Troubleshooting a memory leak#

Got called into a memory leak troubleshooting.

The application was leaking memory at 1mb per second. In memory profiler, most of the growing memory are used by byte[] and RuntimeMethodHandle (growing at around a million per minute). Initially I thought it is a disposing problem, but the memory occupied by disposable objects does not increase over time.

Looking at the RuntimeMethodHandle instances, I found that it is closely associated with DynamicResolver, whose instance count grows in a much smaller but steady rate.

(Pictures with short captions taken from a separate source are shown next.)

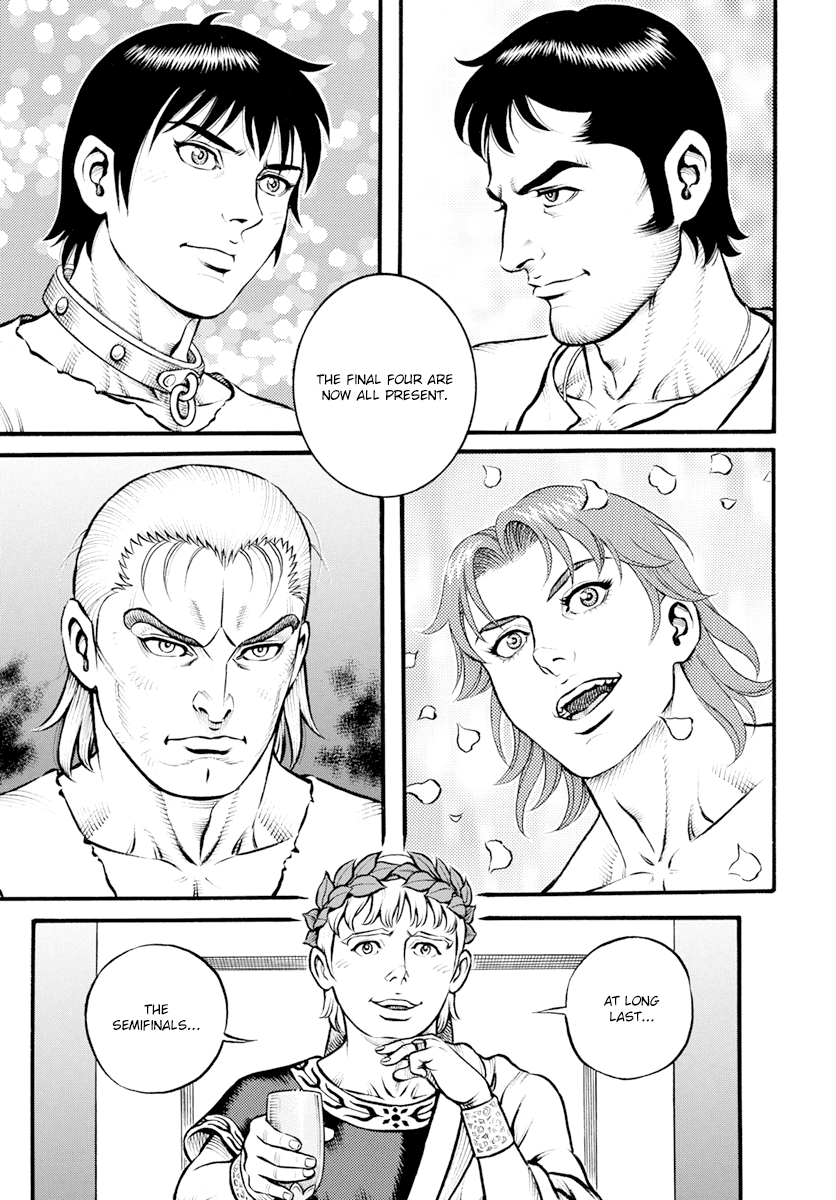 Kendo Shitouden Cestvs Chapter 103 page 13 - Chapter 103: Those Who Sow Seeds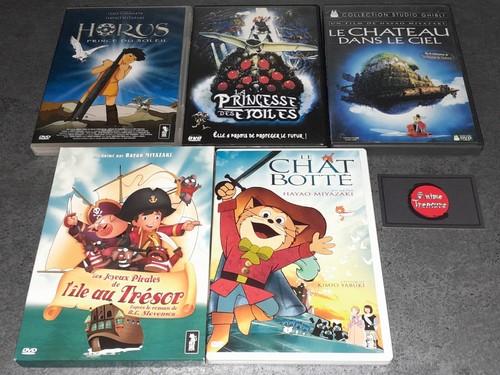 Lot dvd miyazaki horus - dvd,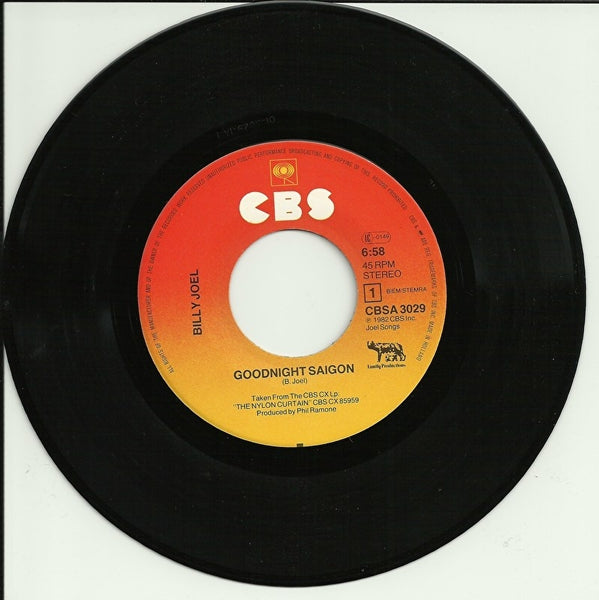 Billy Joel - Goodnight Saigon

This leads me to kissdodog’s post Windbg + .Net .NET Memory Profiler 排查内存泄露 but kissdodog only located the problem and didn’t give a cause (some coworker got the blame and fixed it).

Then I want to see if there’s any GDI leak and added handle columns to task manager, surprisingly there’s a handle leak growing at 1/2 per second, but then there is no memory map in the code. Under Process Explorer’s handle view,  the leaking handles are revealed as user tokens, which is even more puzzling because the code doesn’t deal with windows logins. But at least this gives me some clear indicator to divide and conquer.

By commenting out portions of code (more like a human binary search) and watching Task Manager religiously, I found the issue is caused by creating XslCompiledTransform in a loop, something KB316775 cited as a design limitation that the dynamic assemblies can’t be unloaded. Obviously this isn’t fixed even in .Net 4.8. The KB was no longer published by Microsoft and I had to read it off a mirror. Once the problem is located the fix is easy, making those XslCompiledTransform objects singleton solved the issue.